Transcribe the listing below only from the line with "Beautiful and nearly" up to and including the line with "Γραφείο 255 τ.μ. στη Θεσσαλονίκη, αποθήκη".

>>

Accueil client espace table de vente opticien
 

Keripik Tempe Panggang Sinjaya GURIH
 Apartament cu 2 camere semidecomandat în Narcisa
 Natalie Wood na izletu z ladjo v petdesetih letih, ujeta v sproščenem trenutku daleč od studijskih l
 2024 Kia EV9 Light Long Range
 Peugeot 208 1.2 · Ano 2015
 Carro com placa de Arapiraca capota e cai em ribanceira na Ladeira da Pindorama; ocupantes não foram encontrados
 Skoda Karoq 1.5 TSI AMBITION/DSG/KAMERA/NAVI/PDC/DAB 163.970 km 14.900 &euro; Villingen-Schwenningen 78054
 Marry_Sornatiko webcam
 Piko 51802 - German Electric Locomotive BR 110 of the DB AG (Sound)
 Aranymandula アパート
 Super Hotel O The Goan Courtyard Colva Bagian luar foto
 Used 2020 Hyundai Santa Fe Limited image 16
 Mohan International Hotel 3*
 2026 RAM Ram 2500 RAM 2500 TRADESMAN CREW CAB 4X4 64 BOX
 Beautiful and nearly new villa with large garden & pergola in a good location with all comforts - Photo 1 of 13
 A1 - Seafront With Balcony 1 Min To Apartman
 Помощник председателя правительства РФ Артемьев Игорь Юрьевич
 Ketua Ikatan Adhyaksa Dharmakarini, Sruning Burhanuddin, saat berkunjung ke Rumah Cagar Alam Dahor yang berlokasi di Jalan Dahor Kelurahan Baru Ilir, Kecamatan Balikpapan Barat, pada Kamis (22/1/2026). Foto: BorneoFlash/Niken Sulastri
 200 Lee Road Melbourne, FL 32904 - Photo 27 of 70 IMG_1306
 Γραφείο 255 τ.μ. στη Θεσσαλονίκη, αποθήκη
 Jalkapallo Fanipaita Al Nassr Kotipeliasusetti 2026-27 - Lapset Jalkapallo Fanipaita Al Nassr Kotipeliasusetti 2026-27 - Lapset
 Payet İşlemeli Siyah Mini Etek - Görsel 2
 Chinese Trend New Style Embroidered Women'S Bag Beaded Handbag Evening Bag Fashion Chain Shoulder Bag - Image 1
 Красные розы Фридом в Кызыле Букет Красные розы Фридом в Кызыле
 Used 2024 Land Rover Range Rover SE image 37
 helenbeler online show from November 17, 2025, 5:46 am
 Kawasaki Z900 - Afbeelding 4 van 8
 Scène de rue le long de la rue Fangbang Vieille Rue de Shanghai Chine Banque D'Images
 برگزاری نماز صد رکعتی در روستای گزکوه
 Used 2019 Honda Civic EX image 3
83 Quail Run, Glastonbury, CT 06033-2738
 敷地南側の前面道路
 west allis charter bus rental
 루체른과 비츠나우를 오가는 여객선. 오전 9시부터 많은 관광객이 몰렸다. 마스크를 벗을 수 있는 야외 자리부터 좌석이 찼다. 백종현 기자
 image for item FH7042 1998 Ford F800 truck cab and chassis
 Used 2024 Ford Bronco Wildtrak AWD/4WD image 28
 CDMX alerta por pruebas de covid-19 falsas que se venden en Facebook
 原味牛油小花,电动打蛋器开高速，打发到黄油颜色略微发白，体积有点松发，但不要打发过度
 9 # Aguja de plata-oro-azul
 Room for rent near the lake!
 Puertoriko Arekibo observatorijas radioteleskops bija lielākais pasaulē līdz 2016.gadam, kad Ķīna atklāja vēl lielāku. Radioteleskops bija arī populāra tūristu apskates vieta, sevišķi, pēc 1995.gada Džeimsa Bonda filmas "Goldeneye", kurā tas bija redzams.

<<

Response to this task |
 Beautiful and nearly new villa with large garden & pergola in a good location with all comforts - Photo 1 of 13
 A1 - Seafront With Balcony 1 Min To Apartman
 Помощник председателя правительства РФ Артемьев Игорь Юрьевич
 Ketua Ikatan Adhyaksa Dharmakarini, Sruning Burhanuddin, saat berkunjung ke Rumah Cagar Alam Dahor yang berlokasi di Jalan Dahor Kelurahan Baru Ilir, Kecamatan Balikpapan Barat, pada Kamis (22/1/2026). Foto: BorneoFlash/Niken Sulastri
 200 Lee Road Melbourne, FL 32904 - Photo 27 of 70 IMG_1306
 Γραφείο 255 τ.μ. στη Θεσσαλονίκη, αποθήκη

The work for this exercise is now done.